Nonostante i passi in avanti ottenuti faticosamente negli ultimi anni, la mancata previsione del voto a distanza per il prossimo referendum sulla giustizia rischia di escludere dall’esercizio del diritto fondamentale al voto ancora una volta milioni di cittadine e cittadini, rendendo ancora più problematico il fenomeno dell’astensionismo in un contesto già segnato da livelli critici di partecipazione elettorale”. Così in un comunicato The Good Lobby, Will Media e la Rete Voto Fuorisede che “proprio per avanzare verso l’ambizioso obiettivo di istituire anche in Italia uno strumento legislativo che tuteli il voto fuorisede, nel pomeriggio di venerdì 20 marzo intendono promuovere una mobilitazione pubblica volta a sollecitare una soluzione strutturale, a partire proprio dall’approvazione della proposta di legge di iniziativa popolare attualmente ancora in discussione al Senato”, si legge in un comunicato.
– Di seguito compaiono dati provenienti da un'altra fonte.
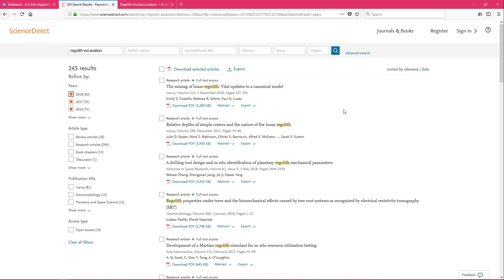This has been a quick, short introduction to Science Direct. If you do have any questions, please feel free to go ahead and contact the library and we will help you get further into this.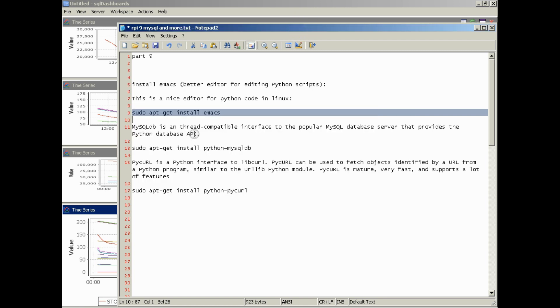The next thing we're going to do is install MySQL DB for Python. This is a thread-compatible interface for the popular MySQL database server that provides the Python database API. In other words, this helps Python integrate with MySQL DB.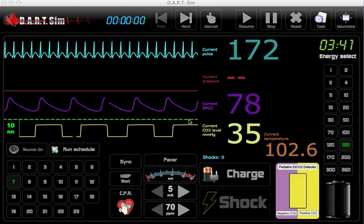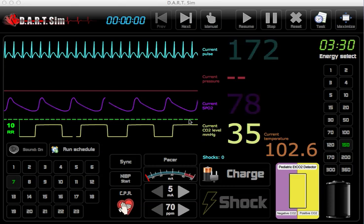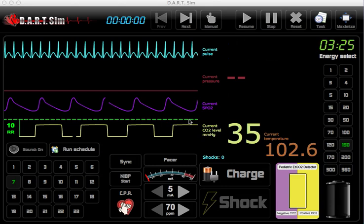Hello and welcome to Dart Sim, the simulator that turns your Mac, iPad, PC, all-in-one touch screen computer or touch screen monitor into a rhythm simulator and a cardiac monitor defibrillator. Let's go ahead and get started with our first scenario.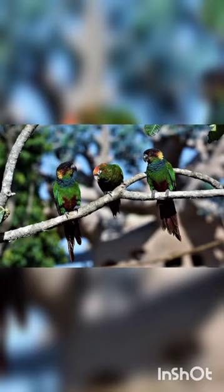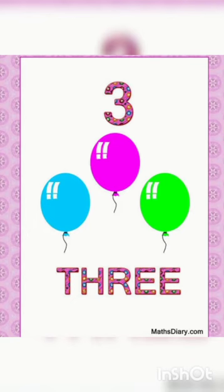Now children, count the number of birds: 1, 2 and 3 — 3 birds on the tree. Now balloons — count the number of balloons: 1, 2 and 3 — 3 balloons.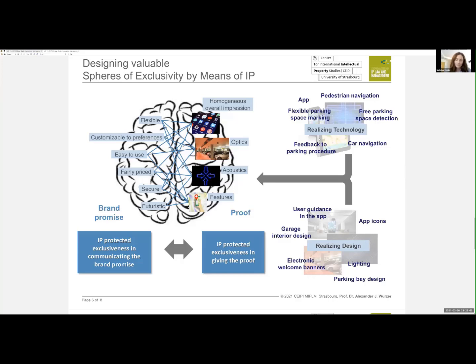On the design side, our service could include lighting, parking bay design, app icons, user guidance in the app, and garage interior design. All these elements can be protected by IP and will help us build a unique and permanent communication position with the customer.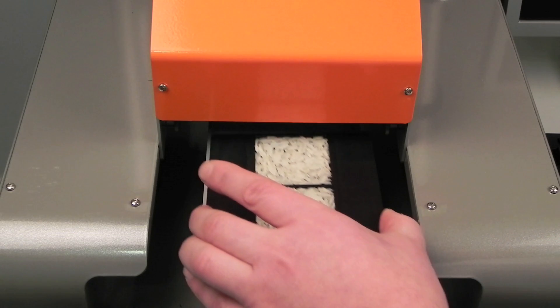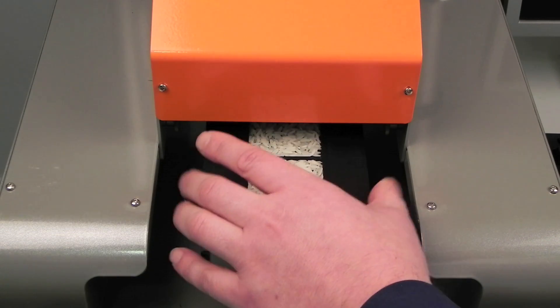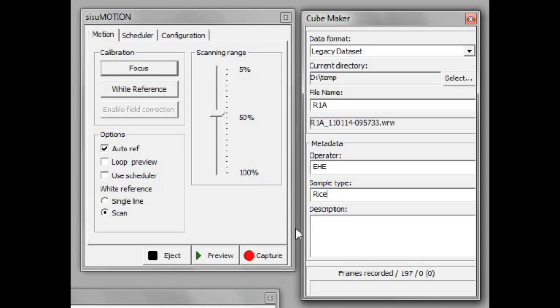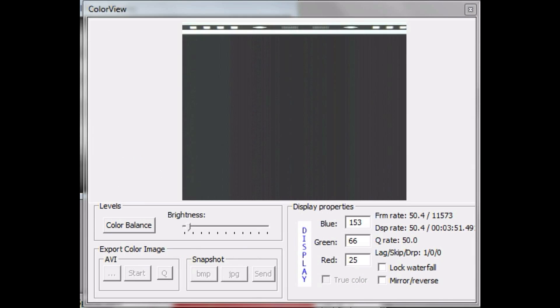The measurement process is made as easy as possible. After placing the sample on the tray, the user inputs the required metadata. To start scanning, just press capture.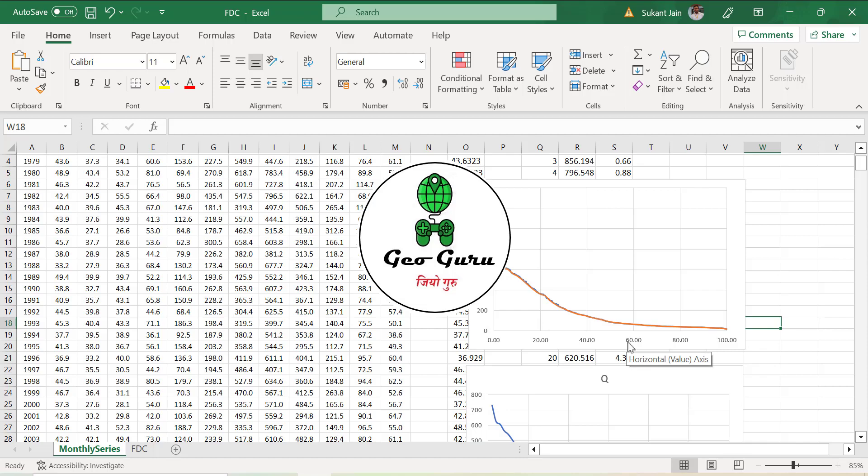That's it. This is how you can calculate the flow duration curve, and with the help of this you can calculate water availability either for hydraulic structures, for drought analysis, or for flow analysis. Thank you.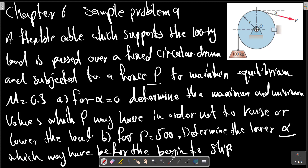Chapter 6 Sample Problem 9. A flexible cable which supports the 100 kg load is passed over a fixed circular drum and subjected to a force P to maintain equilibrium. The coefficient of static friction mu between the cable and the fixed drum is 0.3.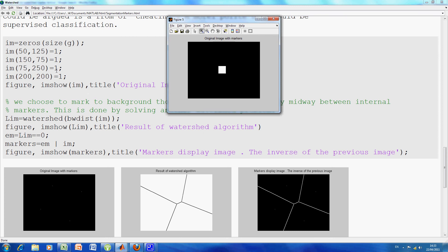So you can see what I did was, at row 50, column 125, row 150, column 75, etc., I put in a white one, just to illustrate that we have it here. So this image here, where the mouse is highlighted, is the same as this one here.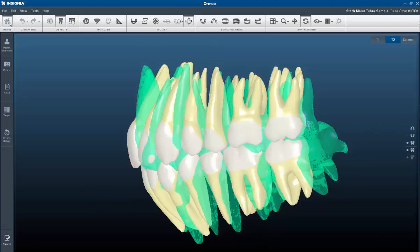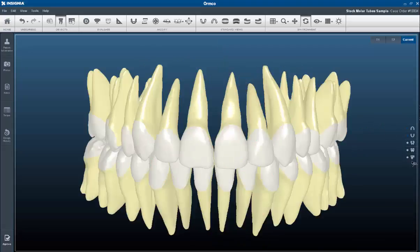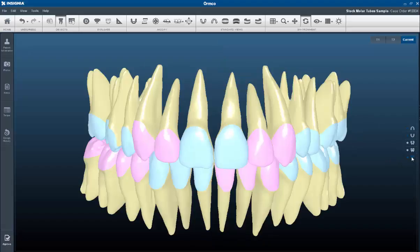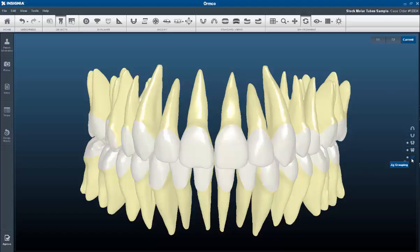The Jig Button tool gives you the ability to see the proposed jig grouping design for the patient. If you would like to overrule the current jig grouping, you can write a note to the technician.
A Roma e Milano, Piazza Vidoni e Piazza Duca d’Aosta ospiteranno un finto seggio elettorale in cui “i cittadini fuorisede potranno esprimere un voto simbolico, lanciare un messaggio alle istituzioni e farsi portavoce dell’esperienza di milioni di italiani”.
“Auspichiamo che questa sia l’ultima volta in cui ci troviamo a chiedere che la nostra proposta di legge sul voto fuorisede diventi definitiva per dare una risposta finale a tutti gli italiani che non vengono messi nelle condizioni di poter esercitare il proprio voto, simbolo della democrazia. È preoccupante sapere che milioni di voti sono oggi a rischio dispersione in un momento in cui la partecipazione elettorale è ai suoi minimi storici. Ancora una volta, non possiamo stare a guardare ma daremo voce ai cittadini e alle cittadine dimenticate da questo diritto fondamentale”, afferma Yari Russo, campaigner di The Good Lobby e rappresentante della Rete Voto Fuori Sede.